[Dataset items]
%%
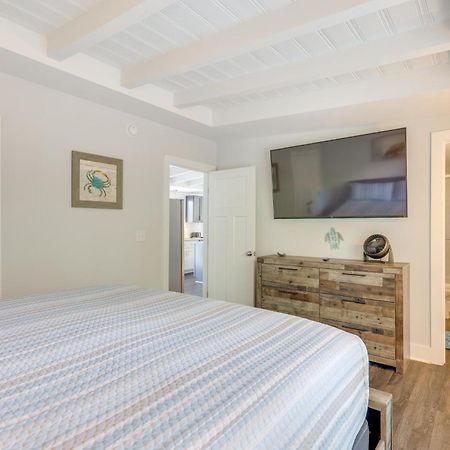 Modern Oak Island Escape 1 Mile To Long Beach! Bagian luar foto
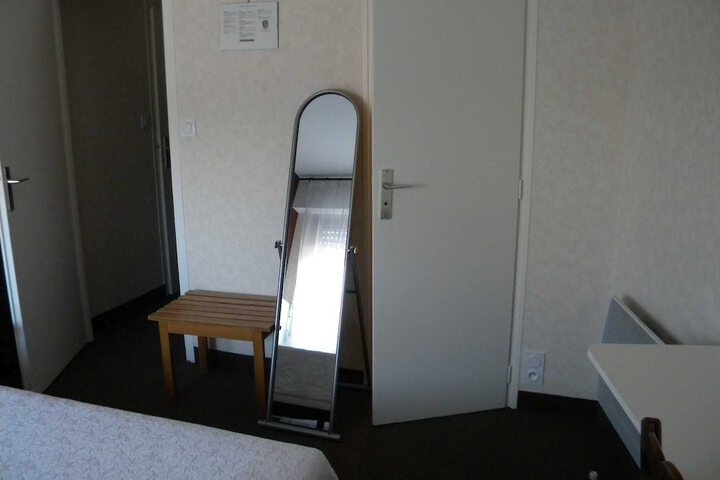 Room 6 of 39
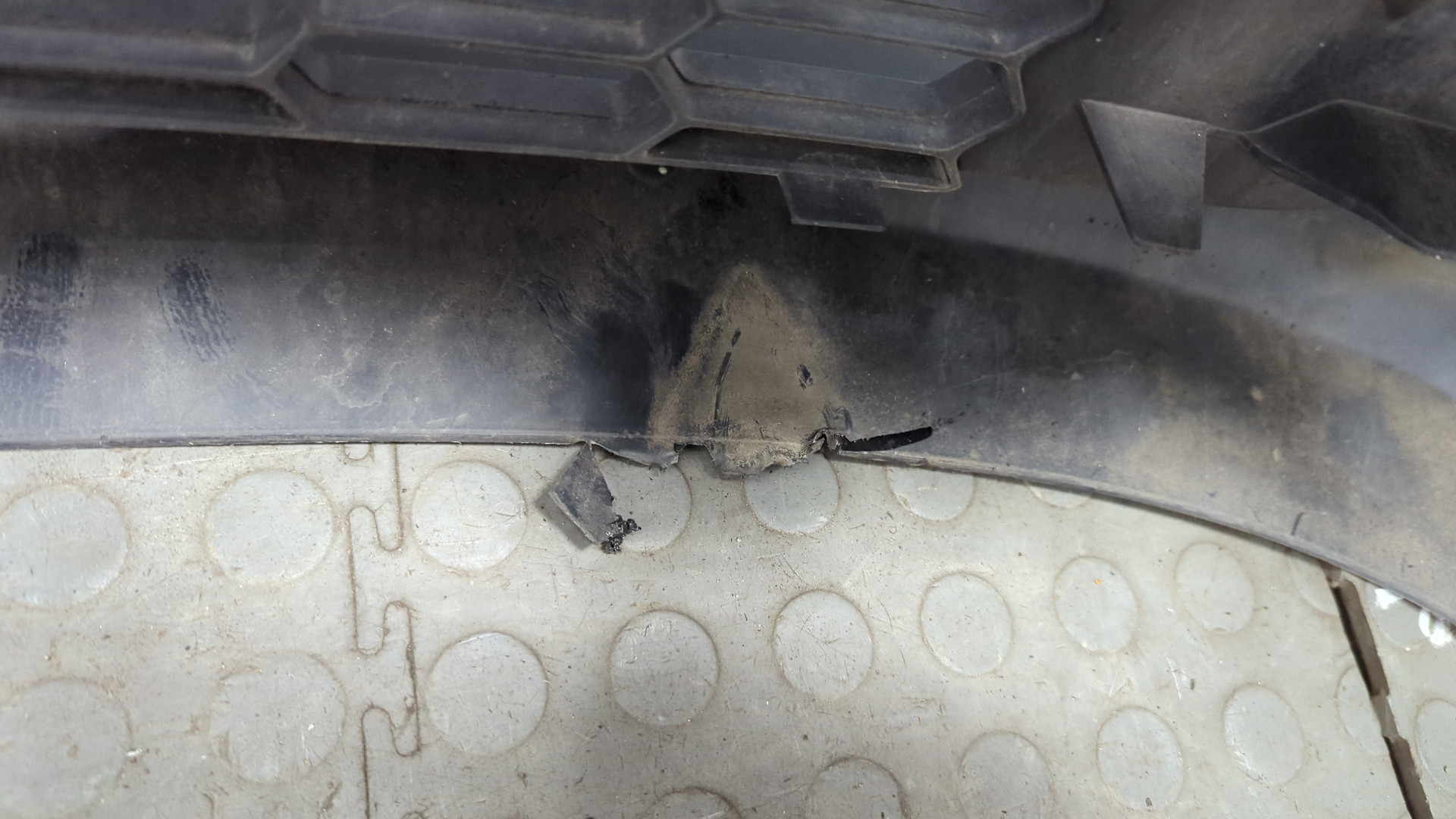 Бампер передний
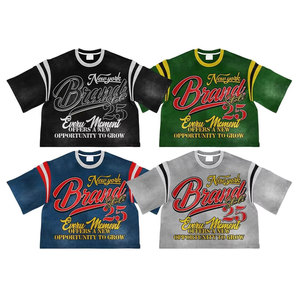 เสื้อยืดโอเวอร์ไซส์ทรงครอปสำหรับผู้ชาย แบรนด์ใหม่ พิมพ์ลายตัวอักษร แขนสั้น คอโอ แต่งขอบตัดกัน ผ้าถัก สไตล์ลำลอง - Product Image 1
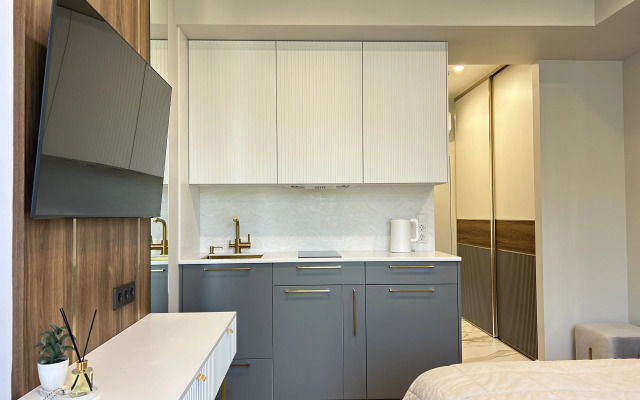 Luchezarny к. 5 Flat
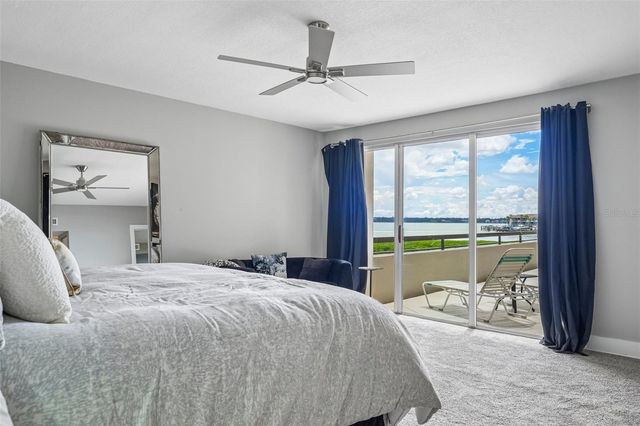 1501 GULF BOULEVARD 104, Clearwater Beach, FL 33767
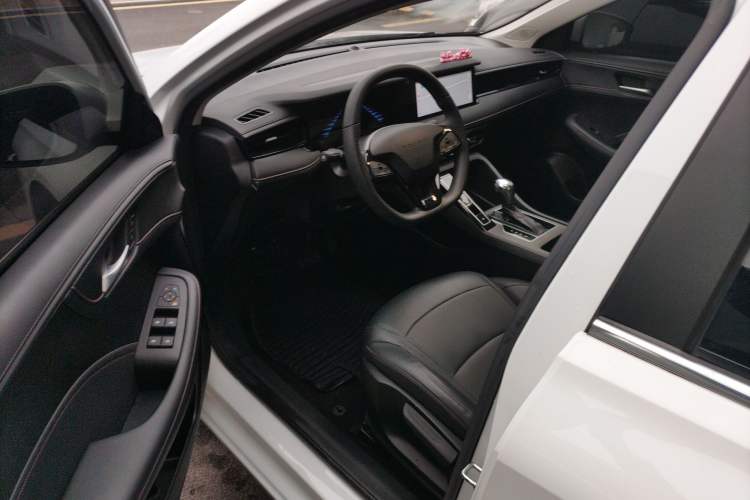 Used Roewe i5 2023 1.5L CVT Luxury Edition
%%
◆ **TRY IT**: None of the pictures should appear; repeat the records exactly otherwise.

◆ **ANSWER AREA**:
 Modern Oak Island Escape 1 Mile To Long Beach! Bagian luar foto
 Room 6 of 39
 Бампер передний
 เสื้อยืดโอเวอร์ไซส์ทรงครอปสำหรับผู้ชาย แบรนด์ใหม่ พิมพ์ลายตัวอักษร แขนสั้น คอโอ แต่งขอบตัดกัน ผ้าถัก สไตล์ลำลอง - Product Image 1
 Luchezarny к. 5 Flat
 1501 GULF BOULEVARD 104, Clearwater Beach, FL 33767
 Used Roewe i5 2023 1.5L CVT Luxury Edition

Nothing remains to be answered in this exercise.